'How to use custom function with tensorflow dataset API?
I am new to TensorFlow's tf.data.Dataset
and I am trying to use it on my data that I loaded with pandas dataframe as follows:
Load the input date (df_input):
id messages Label
0 11 I am not driving home 0
1 11 Please pick me up 1
2 103 The car already park 1
3 103 No need for ticket 0
4 104 I will buy a car 1
5 104 I will buy truck 1
And I do preprocess and apply text Vectorization as follows:
text_vectorizer = layers.TextVectorization(max_tokens=20, output_mode="int", output_sequence_length=6)

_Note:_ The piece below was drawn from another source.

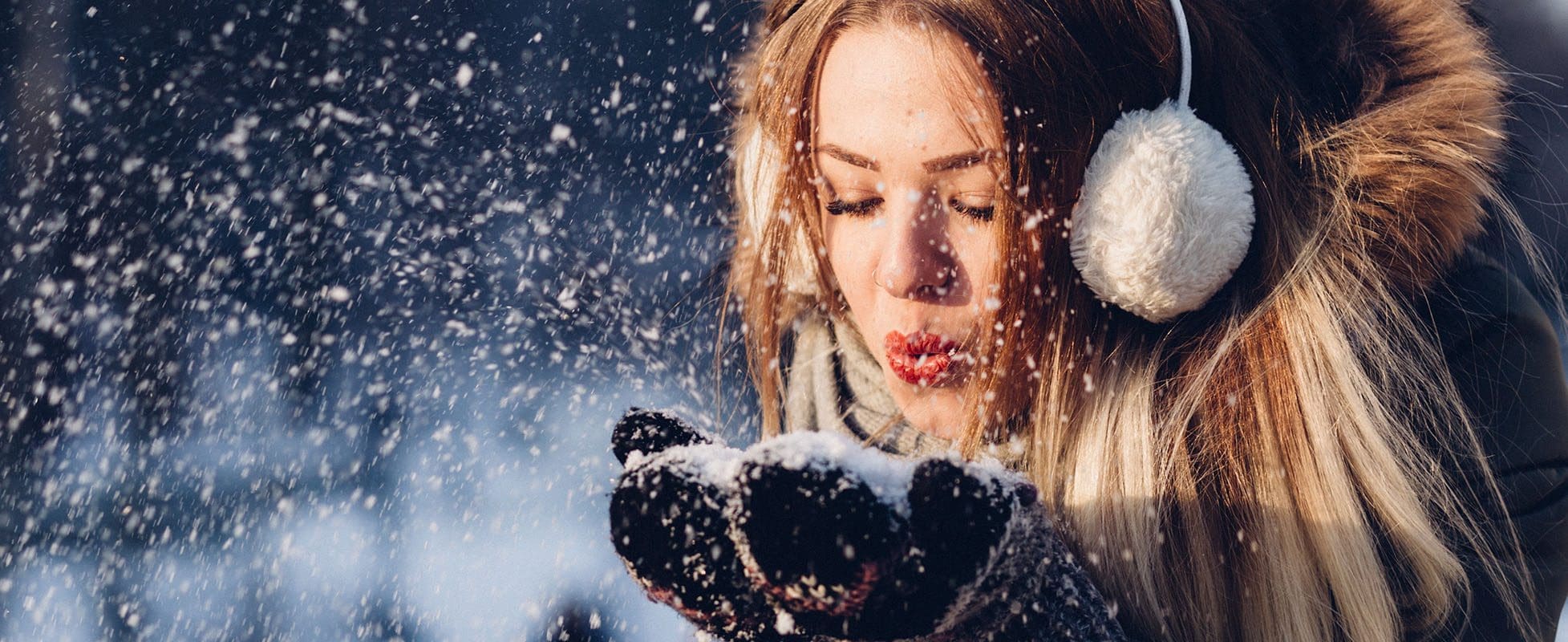 woman blowing snow in the air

text_vectorizer.adapt(df_input.message.values.tolist())
def encode(texts):
encoded_texts = text_vectorizer(texts)
return encoded_texts.numpy()
train_data = encode(df_input.message.values) ## This the training data
train_label = tf.keras.utils.to_categorical(df_input.label.values, 2) ## This labels
Then I am using the preprocess data in the training model by using the TensorFlow tf.data.Dataset
function as follows:
train_dataset_df = (
tf.data.Dataset.from_tensor_slices((train_data, train_label))
.shuffle(1000)
.batch(2)
)
My question is how I can transform the data in every training epoch by applying my custom function to the training data. I saw a usage example of performing the transformation via .map
function from here to this post:
train_dataset = train_dataset.batch(2).map(lambda x, y: (text_vectorizer(x), y))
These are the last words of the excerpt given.